Witnesses say scores of Egyptian soccer fans were stabbed to death while many others suffocated, trapped in a long narrow corridor trying to flee rival fans armed with knives, clubs and stones in the country's worst ever soccer violence that killed at least 74 people.

The tragedy Wednesday evening -- which followed an Egyptian league match between Al-Masry, the home team in the Mediterranean city of Port Said, and Al-Ahly, based in Cairo and one of Egypt's most popular teams -- was a bloody reminder of the deteriorating security in the Arab world's most populous country, as instability continues nearly a year after former President Hosni Mubarak was swept out of power in a popular uprising.

It was also the deadliest soccer violence worldwide since 1996. One player said it was "like a war."

Egyptian activists have accused the police and military of failing to intervene to stop the mayhem.

On Thursday morning, dozens of angry protesters sealed off Tahrir Square, the epicenter of the uprising that toppled Mubarak, while others blocked the street in front of the state TV building in downtown Cairo, ahead of planned marches later in the day to the Interior Ministry to denounce the police force.

The melee at the stadium in Port Said erupted when Al-Masry fans stormed the field following a rare 3-1 win against Al-Ahly.

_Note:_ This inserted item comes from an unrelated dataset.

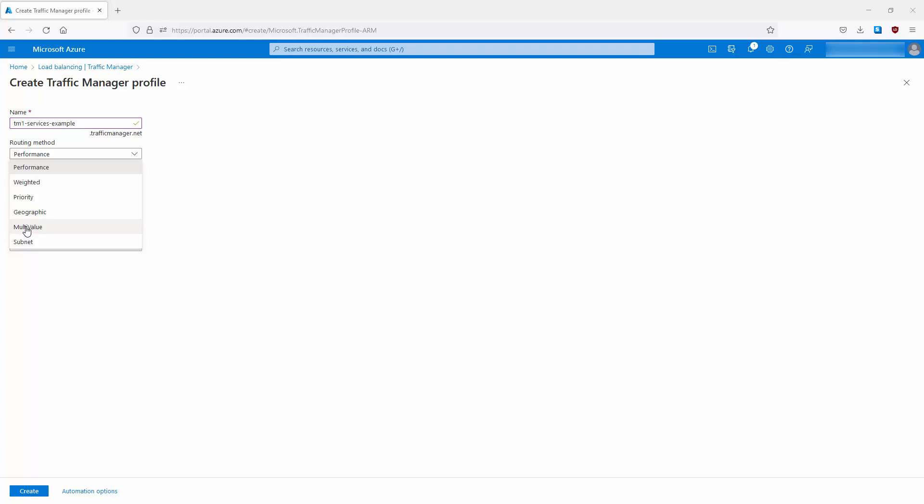Geographic routing directs users to specific endpoints based on where their DNS queries originate geographically. Multi-Value is used for Traffic Manager profiles that can only have IP addresses as endpoints — useful when an endpoint is dual-homed with IPv4 and IPv6 addresses, and it returns multiple healthy endpoints in a single query response so clients have more retry options without making another DNS call; you can specify a maximum of 10 endpoints. Subnet routing lets you specify which subnets go to which endpoints by checking the source IP address and directing traffic accordingly.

Al-Masry supporters, armed with knives, sticks and stones chased players and fans from the rival team, Al-Ahly, who ran toward the exits and up the stands to escape, according to witnesses.

Ahmed Ghaffar, one of the visiting Al Ahly fans at the stadium, said "layers of people" were stuck trying to escape, "suffocating inside a narrow corridor."

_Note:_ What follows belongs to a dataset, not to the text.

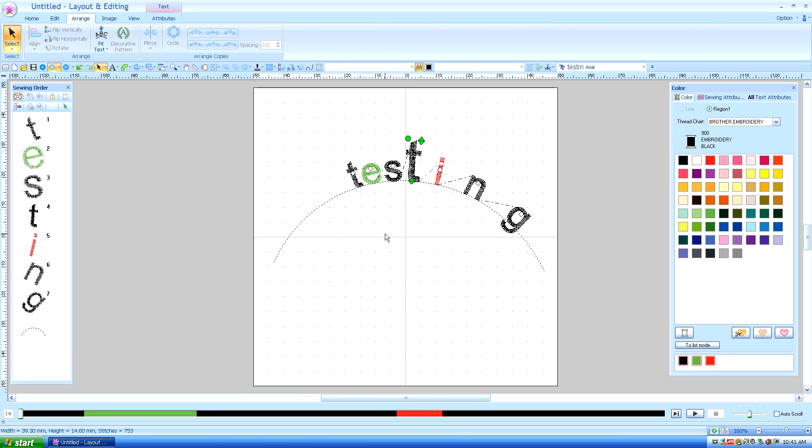So that is how you fit the text to a basic path. In the next lesson, I'm going to show you what we can do with it on a circle.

"The people were stuck over each other because there was no other exist," Ghaffar tweeted on Thursday. "We were between two choices, either death coming from behind us, or the closed doors."

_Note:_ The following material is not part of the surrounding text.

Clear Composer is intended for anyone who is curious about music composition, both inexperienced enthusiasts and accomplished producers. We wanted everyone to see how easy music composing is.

Health ministry official Hisham Sheha said deaths were caused by stabs by sharp tools, brain hemorrhage and concussions. "All those carried to hospitals were already dead bodies," Sheha told state-TV.

One man told state TV he heard gunshots in the stadium, while a lawmaker from Egypt's powerful Muslim Brotherhood said the police didn't prevent fans carrying knives from entering the stadium.

TV footage showed Al-Ahly players rushing for their locker room as fistfights broke out among the hundreds of fans swarming on to the field. Some men had to rescue a manager from the losing team as he was being beaten. Black-clothed police officers stood by, appearing overwhelmed.

The Interior Ministry said 74 people died, including one police officer, and 248 were injured, 14 of them police. A local health official initially said 1,000 people were injured and it was not clear how severely. Security forces arrested 47 people for involvement in the violence, the statement said.

State TV appealed to Egyptians to donate blood for the injured in Port Said, and the military sent two aircraft to evacuate serious cases to the capital, Cairo.

A number of political parties called on the Egyptian parliament to pass no-confidence vote against the government of Kamal el-Ganzouri, a Mubarak-era politician appointed by the much-critized ruling military council. El-Ganzouri himself held an emergency cabinet meeting early Thursday.

Essam el-Erian, a Brotherhood lawmaker, said the military and police were complicit in the violence, accusing them of trying to show that emergency regulations giving security forces wide-ranging powers must be maintained.

"This tragedy is a result of intentional reluctance by the military and the police," he said.

The trigger for the violence, however, remains a mystery since most of the attackers were from the winning team.

April 6 group, which was among youth groups that led the anti-Mubarak uprising, accused the ruling military of collaboration in the violence.

"Is it logical that the force that managed to secure parliamentary elections in nine provinces can't secure a soccer match where skirmishes among fans were expected," the group said in a statement Thursday.